Basic Dimensional Analysis Question

[armolinasf]

Homework Statement

Porous rock through which groundwater can move is called an aquifer. The volume V of water that, in time t, moves through a cross section of area A of the aquifer is given by:

V/t=KA(H/L)

where H is the vertical drop of the aquifer over the horizontal distance L. The quantity K is the hydraulic conductivity of the aquifer. What are the SI units of K

The Attempt at a Solution

So since this is supposed to be a dimensional analysis question, I figured that I'd start by figuring out what the dimensions of the problem are and I came up with:

[V/t]=[K^a][A^b][(H/L)^c] ===> L^3*t^-1=[K^a][L^2b][L^c-c]
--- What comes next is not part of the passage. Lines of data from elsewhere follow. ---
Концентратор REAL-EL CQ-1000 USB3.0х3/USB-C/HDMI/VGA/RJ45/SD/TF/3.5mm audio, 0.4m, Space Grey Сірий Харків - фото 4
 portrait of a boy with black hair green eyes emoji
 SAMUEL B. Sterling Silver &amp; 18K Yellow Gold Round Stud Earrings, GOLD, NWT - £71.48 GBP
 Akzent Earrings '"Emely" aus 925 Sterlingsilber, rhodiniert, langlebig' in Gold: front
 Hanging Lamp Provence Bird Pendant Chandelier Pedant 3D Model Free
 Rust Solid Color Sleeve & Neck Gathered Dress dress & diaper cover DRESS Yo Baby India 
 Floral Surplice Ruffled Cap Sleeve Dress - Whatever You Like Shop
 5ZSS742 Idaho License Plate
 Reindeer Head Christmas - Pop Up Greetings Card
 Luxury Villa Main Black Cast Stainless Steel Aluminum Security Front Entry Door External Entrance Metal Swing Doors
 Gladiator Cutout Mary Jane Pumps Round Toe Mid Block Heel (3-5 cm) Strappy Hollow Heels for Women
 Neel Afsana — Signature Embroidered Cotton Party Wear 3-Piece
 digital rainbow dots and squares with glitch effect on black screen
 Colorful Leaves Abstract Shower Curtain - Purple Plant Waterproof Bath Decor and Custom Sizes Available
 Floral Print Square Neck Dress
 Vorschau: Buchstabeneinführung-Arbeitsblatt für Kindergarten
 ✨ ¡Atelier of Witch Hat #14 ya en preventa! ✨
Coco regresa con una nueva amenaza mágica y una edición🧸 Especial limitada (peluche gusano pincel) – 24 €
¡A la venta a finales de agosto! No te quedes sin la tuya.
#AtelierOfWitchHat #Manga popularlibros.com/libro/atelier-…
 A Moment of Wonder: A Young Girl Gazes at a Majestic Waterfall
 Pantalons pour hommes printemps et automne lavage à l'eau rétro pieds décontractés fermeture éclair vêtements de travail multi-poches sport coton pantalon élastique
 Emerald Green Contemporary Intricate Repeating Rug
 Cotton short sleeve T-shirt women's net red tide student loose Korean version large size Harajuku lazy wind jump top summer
Since there is a time dimension on the left side of the equation I'm guessing that K has a time component but I'm not really too sure how to approach the problem...Thanks for the help

 

[Dick]

Why are you writing [A]=[L^2b]? Area is just plain length squared, right? [A]=L^2. I don't know why you are writing [K^a] either. There's just a K in the formula. And H/L is dimensionless.

 

[armolinasf]

Alright that clarifies some things for me...so then it would be L^3t^-1=K*L^2 (H/L is dimensionless because L/L is one right?) So for the dimensions to balance out K must be [L/T]? and that would be a speed right?

 

[Dick]

Alright that clarifies some things for me...so then it would be L^3t^-1=K*L^2 (H/L is dimensionless because L/L is one right?) So for the dimensions to balance out K must be [L/T]? and that would be a speed right?

Yes.

 

[rwisz]

The SI units of K would be m/s. This can be determined by setting up the equation in terms of its base units:

[V/t] = [K] * [A] * [H/L]

L^3 * T^-1 = L^2 * T^-1 * [K]

L^3 * T^-1 / L^2 * T^-1 = [K]

K = L/T

Therefore, K has units of length per time, which in SI units is m/s. This makes sense because hydraulic conductivity is a measure of how easily water can flow through the aquifer, so it would have units of distance per time.